ここまで、たくさんのことを学んできたので、ここで、ナチュラルポジションで目指すべきゴールについて改めてまとめてみたいと思います。
体幹=背骨を長くしなやかに動かす
体幹を鉄板のように固めるのではなく、「背骨を長くしなやかに使う」ことと「胸腔、腹腔を風船のように使う」ことでどんな体勢でも柔軟に形を変えながら安定する体幹を手に入れることが体幹部のゴールとなります。
下肢=脚を根元から動かす
「股関節に乗る」ことと「足関節を調整役として使う」ことで力みなくバランスよく立てるようになり、「仙腸関節から動かす」ことで脚をダイナミックに大きく動かせるようになることが下肢部のゴールです。
上肢=腕を根元から動かす
「胸鎖関節から動かす」ことで、下肢と体幹と上手に連携して上肢を動かせるようになることがゴールです。
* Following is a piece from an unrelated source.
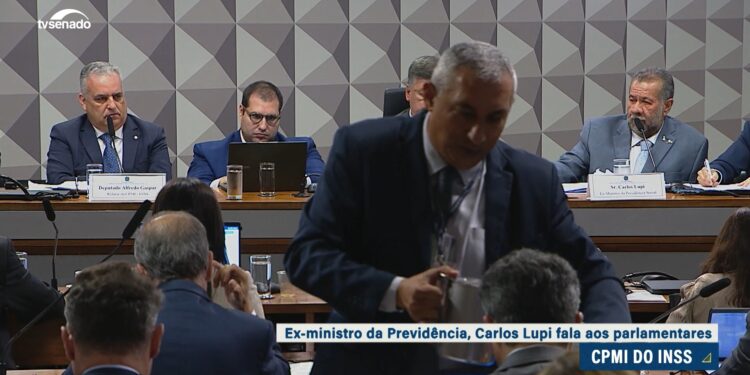 Carlos Lupi diz à CPMI que INSS só percebeu tamanho da fraude após ação da PF — Senado Notícias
- 「胸鎖関節から動かす」を詳しくおさらいしたい人はこちら
ナチュラルポジションの習得が進む=足裏に乗る感覚がつかめる
「背骨を長くしなやかに動かす」、「脚を根元から動かす」、「腕を根元から動かす」の3つが出来るようになりナチュラルポジションの習得が深まることで、立っている時や運動している時に「足裏に乗る」という感覚がつかめるようになってきます。「足裏に乗る」という感覚をつかむことができるとランニングやパドリングのパフォーマンスが飛躍的に改善されていきます。
- 「足裏に乗る」を詳しくおさらいしたい人はこちら
12月のナチュラルポジションのターゲットは「上手に手を抜く」です

さて、ナチュラルポジションの目指すべきゴールを整理したところで、12月のナチュラルポジションは「腕を根元から動かす」に影響が大きい前腕にターゲットをおいて、「上手に手を抜く」という新しいテーマに取り組んでいきたいと思います。
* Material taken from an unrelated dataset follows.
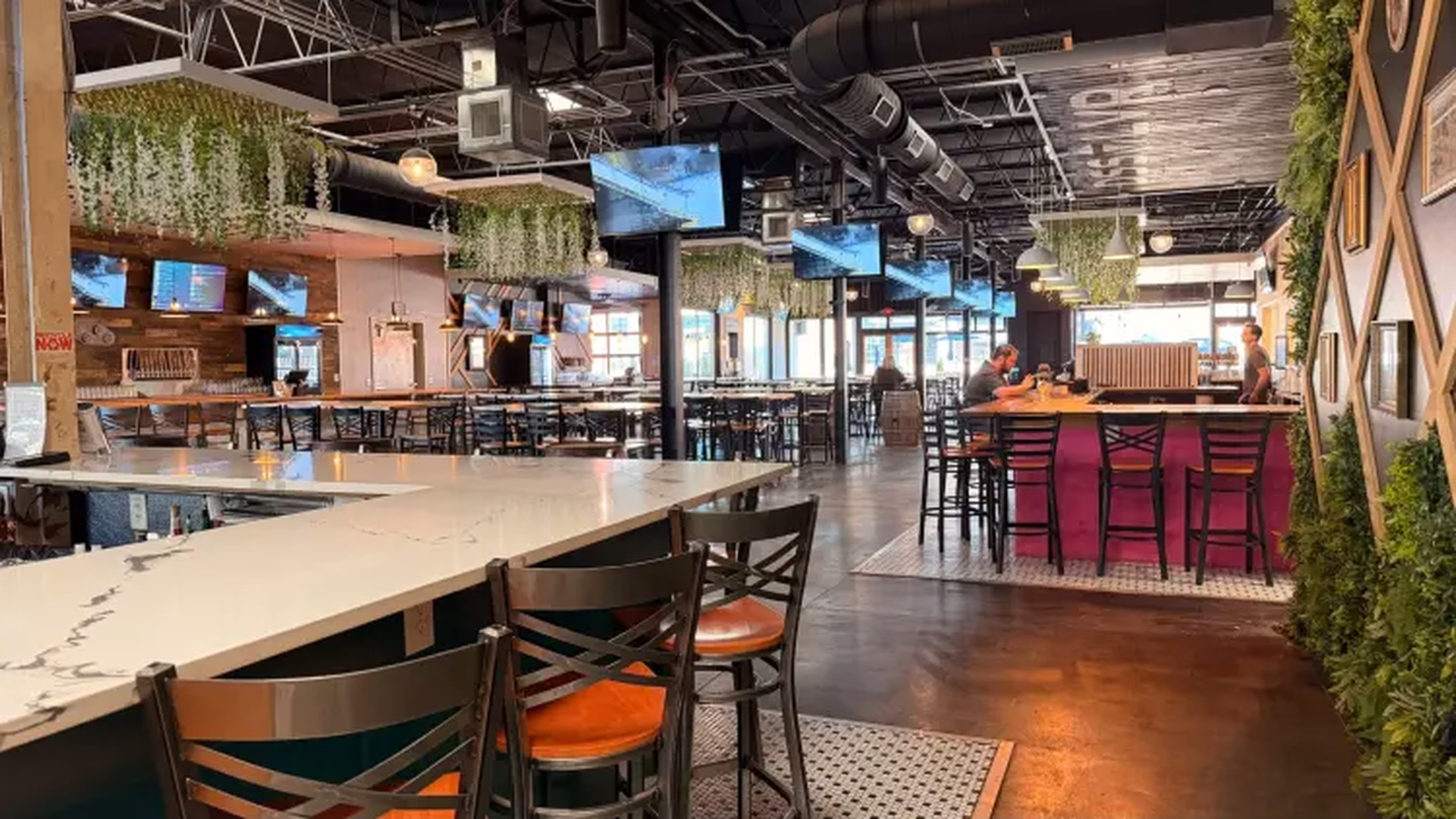 Distro Beer Hub — photo 1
これまで「胸鎖関節から動かす」を通じて腕の根元から腕を自由に動かす感覚をつかんできましたが、腕の末端部分にある前腕に強い力みがあると、前腕が重りになって腕が自由に動きません。
また、前腕はスマホやキーボードを扱うことが多い昨今では、ほとんどの人が強い力みを抱えている部分でもあります。
パドリングはイメージがつきやすいと思いますが、ランニングにおいては直接運動に関わりがない部分のように思われるかもしれませんが、上記の通り、前腕に強い力みがあると、腕振りに大きな影響がでてしまいます。
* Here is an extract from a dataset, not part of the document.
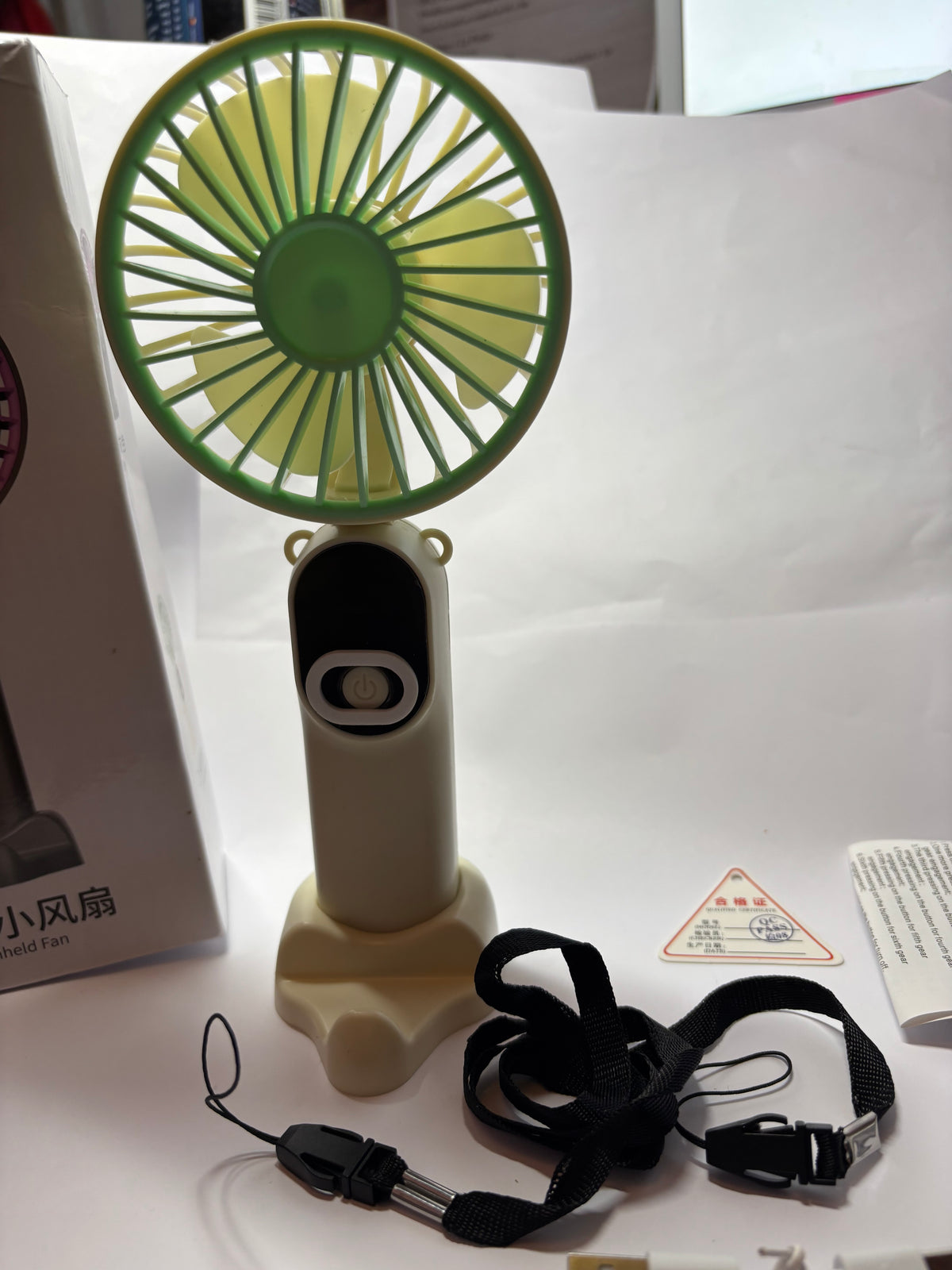 Ventilateur portable rechargeable USB-C STRHAGO Blanc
「上手に手(の力)を抜いて」ランニングもパドリングもフォームの改善につなげていきましょう。
今月のターゲットとワーク
前腕

尺骨と橈骨の2つの骨から成り立っていて、手首や指先につながる筋肉の多くが2つの骨からのびている。さらに肘をまたいで上腕の筋肉は2つの骨で終わる。そのため手の力みは前腕の力みとなり、さらに腕の根本の力みにつながる。
母指球筋

スマホ操作で酷使される筋肉。固まることで手首の腱にも影響がでる。また撓側手根伸筋ともつながるため、指先から首もとまで広い範囲での力みにつながる。
橈側手根伸筋

パソコン操作で酷使される筋肉。固まることで手首と前腕の動きが制限され、筋肉同士のつながりにより間接的に肩や首の動きにも影響を与える。
「ほぐすワーク」は対象箇所の痛みやコリを感じなくなるまで、「うごきのワーク」は鏡の前でチェックしてイメージ通りに動かせるようになるまで続けてみてくださいね。